Most of these new developer offerings will be available in the fall, with at least one coming out by year’s end.
A Good Job So Far
ZK’s Kerravala said Zoom has done a good job up to this point in courting developers, but executives will need to accelerate their efforts.
“They’ve made it pretty easy for developers,” he said. “The one company that I thought would have had a lock on this is Microsoft, which has really bungled around with developers. Part of that is just that the architecture of Teams is pretty old with the old Skype code base. That’s been difficult to get over. Google’s the other one that you’ve thought would have a good opportunity to get developers. Google’s never really taken enterprise communications all that seriously. That created an opening for somebody to step up and do that.”

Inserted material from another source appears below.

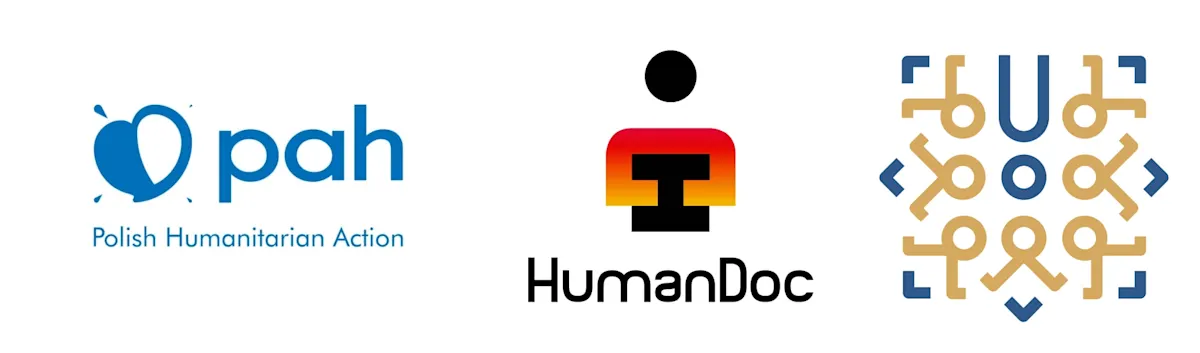 Na białym tle umieszczone są logotypy organizacji: PAH, HumanDoc i trzeci, abstrakcyjny, w kolorach niebieskim i złotym.
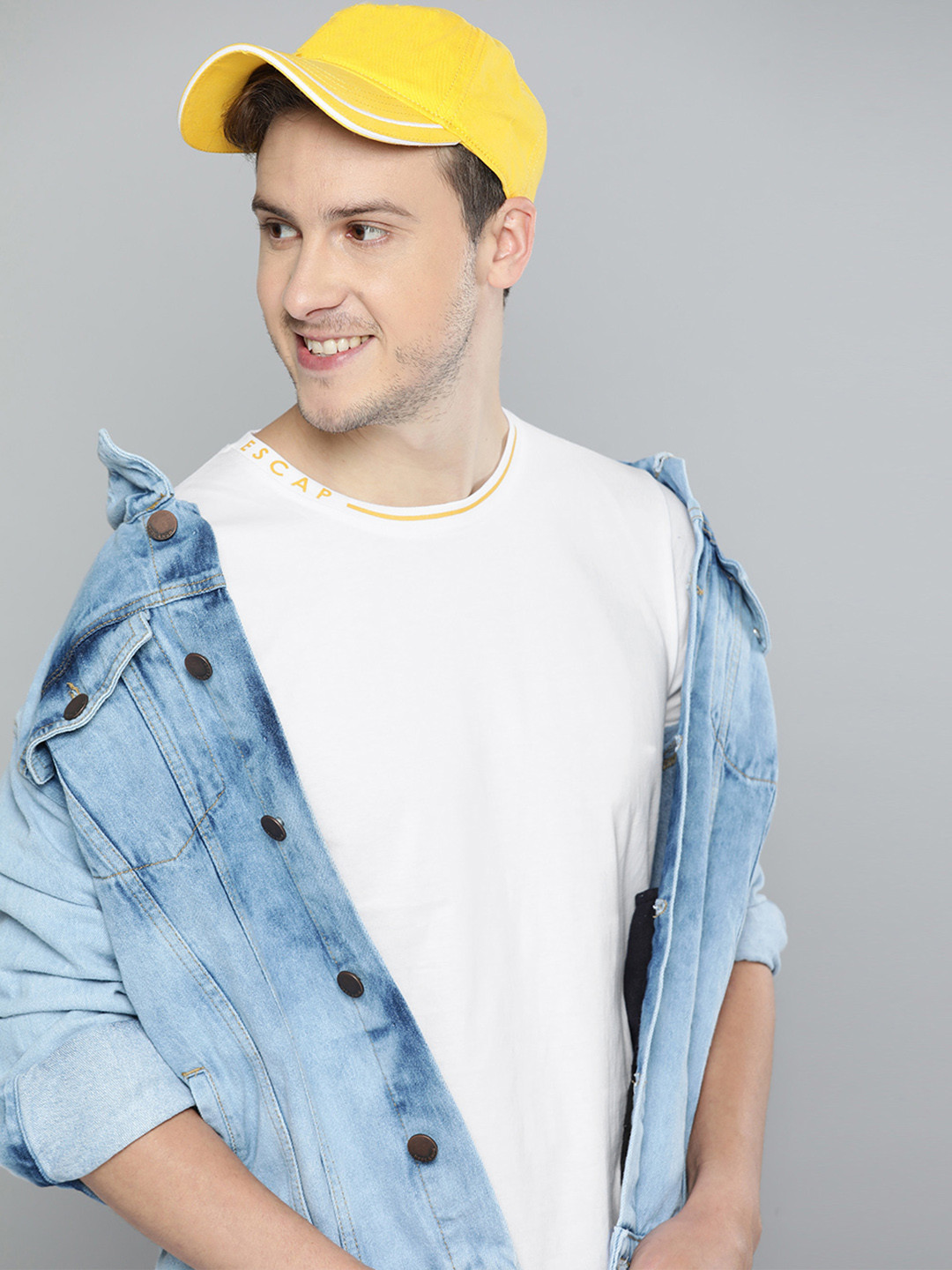 

HERE&NOW Men White Solid Round Neck Pure Cotton T-shirt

Zoom’s installed base makes the company attractive to developers, Kerravala said, noting a parallel in the mobile apps space, where iOS and Android are far more attractive than BlackBerry because of the installed base.
“Zoom has that installed base so now it can capitalize on it with good development tools,” the analyst said. “The key is to not fall asleep and let somebody else come in and pull the rug. But they’ve done a good job of that so far and that $100 million investment program is really important because it gives the world an idea of what’s possible. … It’s off to a decent start, but now they’ve really got to put some money into it. The $100 million program is just a start. They’ve got to put more money into that and just find a way to make Zoom the de facto standard for developers in the communications space. The ultimate winners and losers in this space will be determined by their ability to shape their platform.”